I also put up a small tree in our dining room that is filled with Irish themed ornaments. Most were given to me by family and friends. I began to have so many that they deserved their own tree! It is topped with a beautiful Belleek angel. I don’t know how we are going to keep the new kitten from climbing on the tree this year though…Any suggestions?
Christmas eve dinner means only one thing for this Italian/ Irish family–Fish. We try to get the traditional seven (for the seven sacraments of course) but I will confess that one of the seven often ends up being fish sticks! Midnight mass is at 10:30 where we live so that is when we go, but that’s okay as I join the population that can’t stay up late or else needs to go home and finish the wrapping! We do not put anything under our tree until after the “children” have gone to bed. The last thing my husband and I do before we go to bed is place Baby Jesus in his place in the crib and fill the stockings. The stockings are the first things to be opened Christmas morning. Even they are filled with mostly the same things every year… Eventually the living room is a mess of colored wrapping paper and shirt boxes strewn everywhere! My husband makes it his mission to clean up the papers as we go, much to the annoyance of my children!

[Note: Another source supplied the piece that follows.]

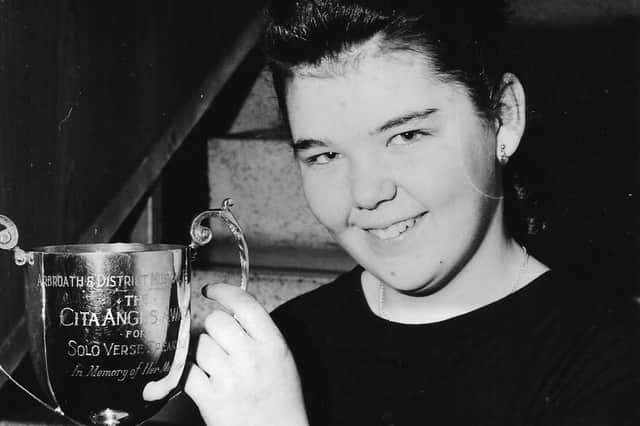 Lynsey Thompson, Carnoustie, was the winner of the solo verse speaking class at the Arbroath Musical Festival in 1990.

Our day is spent at home, with the fireplace glowing and everyone reading or playing with new stuff as our extended family does not live nearby. We call them on the phone and will drive to their house in a couple of days. It is nice to just say home and relax after all is said and done. Dinner is again Italian-- Lasagne or stuffed shells, dessert is Italian cream cake or Neapolitan cookies.
I know that tradition is very important to everyone. Our traditions may be different than your family’s, but I am sure that we all look forward to everything staying the same year after year. With all the uncertainty in life, it means a lot to my family to repeat the same things every year. We love the familiarity and the warmth that Christmas brings.
I’m not sure that we truely have any firm ones in my family. Mostly it’s just having a nice fire going, spending time with the family and such. Typically we have pruchuto, camenburt. nuts, M&Ms and other goodies.
Personally, I’m going to look for some more actually Christian stuff added in to my family plan.
Oh man growing up during Christmas was my most joyful experiences, my parents thanks to GOD made miracles happen! Always a great turkey dinner even if it was small…Unforgettable you know?! And of course before midnight we would go out and look at all the Christmas lit houses it was wonderful some people would over decorate their homes but it was so gorgeous it was worth it you know?! I know they felt great for giving us kids something great and joyful to look at…
I try to keep to some of those traditions, Turkey dinner with the kids and now fiance…Hopefully this year will be just as great as every year!